Here are the details reported by Alejandro Lazo in the
Los Angeles Times.
More than 100,000 struggling homeowners could get help from a $2-billion program that California is launching, including about 25,000 borrowers who owe more than their properties are worth and could see their mortgages shrink.
The Keep Your Home California program, which uses federal funds reserved for the 2008 rescue of the financial system, has the potential to make a sizable dent in California's foreclosure crisis and help the general housing market. State officials hope to fend off foreclosure for about 95,000 borrowers and provide moving assistance to about 6,500 people who do lose their homes.
Federal funds. Why not just reduce the federal income taxes on Californians?
Out of the five major mortgage servicers — Bank of America Corp., Wells Fargo & Co., JPMorgan Chase & Co., Ally Financial and Citigroup Inc. - only Ally has formally signed on to a key part of the plan: reducing mortgage principal on homes that are "underwater," or worth less than the size of the mortgage. A Bank of America spokesman said the bank intends to participate but hasn't yet reached a formal agreement with the California Housing Finance Agency, which designed the program.
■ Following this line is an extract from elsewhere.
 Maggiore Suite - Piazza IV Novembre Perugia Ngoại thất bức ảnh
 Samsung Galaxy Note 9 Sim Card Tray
Are you with any of these companies?
By keeping some cheap foreclosed properties from reaching the market, the program could give a boost to home values in general.
So if you've waited to buy, you'll have to pay higher prices.
The biggest of the plan's four parts allocates $875 million as temporary financial help to people who have seen their paychecks cut or have lost their jobs, providing as much as $3,000 a month for six months to cover home payments and associated costs. The second-largest chunk of money, $790 million, is slated for a principal reduction program that would write down the value of an estimated 25,135 underwater mortgages.
Another piece would use $129 million to provide as much as $15,000 apiece to help homeowners get current on their mortgages, and another would take $32 million to provide moving assistance for people who can't afford to remain in their homes.
I'm a SUCKER!
The principal-reduction component would pay lenders $1 for every dollar of mortgage debt forgiven.
So in other words, my tax dollars are going to be given away to other homeowners.